Gold Market Outlook: Short-term pressure, but still holds investment value in the medium to long term.
In summary, this round of gold price correction is the result of a confluence of negative factors: Middle East geopolitical risks have pushed up energy prices, US inflation data has reinforced expectations of high interest rates, and both the US dollar and US Treasury yields have strengthened, collectively compressing the space for gold's survival. Domestic political pressure on the Trump administration—voters blaming its economic policies for high oil prices and high inflation—has also further increased policy uncertainty.
The future direction of gold prices will depend on the final outcome of this stagflation game.

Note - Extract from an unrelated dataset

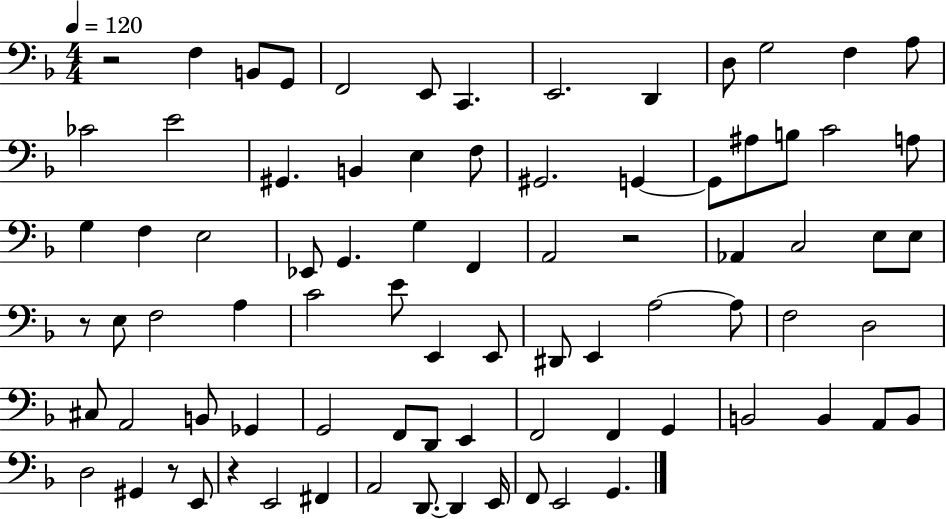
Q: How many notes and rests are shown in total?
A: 82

If high inflation persists but economic growth slows significantly, forcing central banks to grapple with the dilemma of controlling inflation and avoiding recession, gold's safe-haven appeal will ultimately prevail. Conversely, if central banks do continue to raise interest rates under inflationary pressure, gold will face further downward pressure in the short term.
However, gold has not completely lost its appeal. As long as the conflict in the Middle East does not substantially ease, the risk of global supply chain disruptions will persist; and as long as inflation cannot quickly fall back to the Federal Reserve's 2% target range, safe-haven demand will still have a foothold. The current sharp fluctuations in gold prices between $4,600 and $4,800 are providing a potential entry window for medium- to long-term investors.

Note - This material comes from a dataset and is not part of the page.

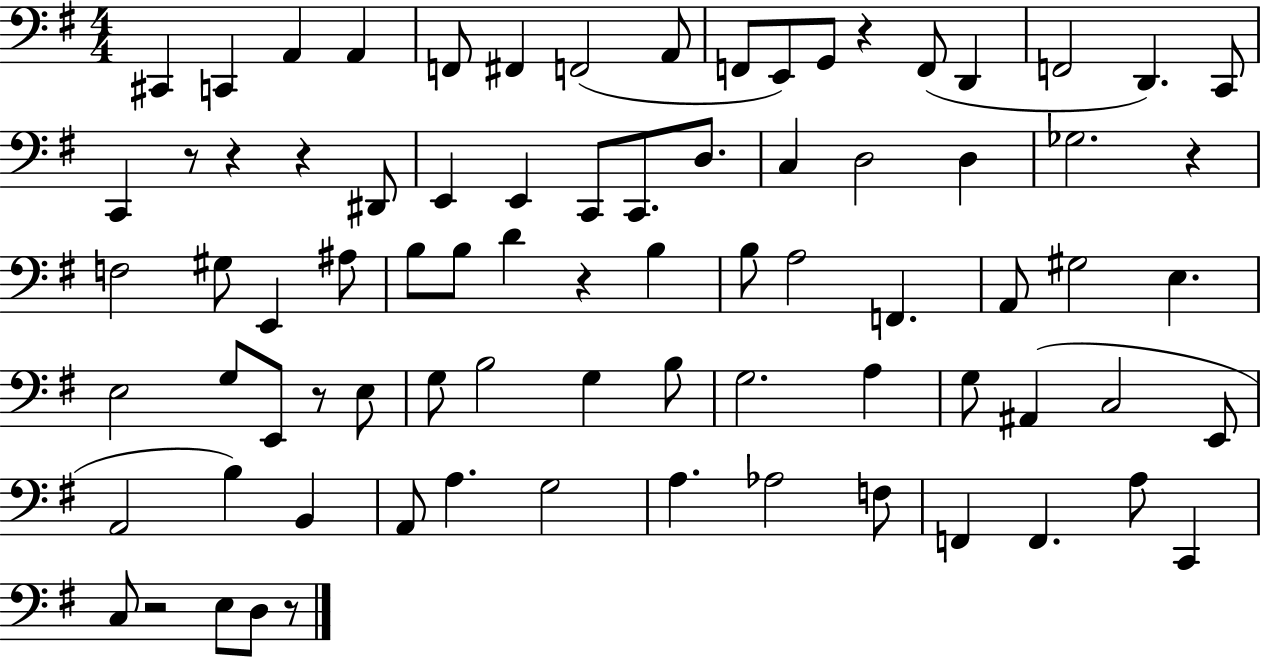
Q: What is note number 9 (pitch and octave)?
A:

For ordinary investors, it is necessary to closely monitor oil price trends, statements from Federal Reserve officials, and the outcomes of high-level meetings between China and the United States. In 2026, with the coexistence of stagflation risks and geopolitical uncertainties, gold remains an important asset for risk diversification, but caution is still needed in the short term, awaiting clearer macroeconomic signals.

(Spot gold daily chart, source: FX678)
At 07:32 Beijing time, spot gold was trading at $4,721.25 per ounce.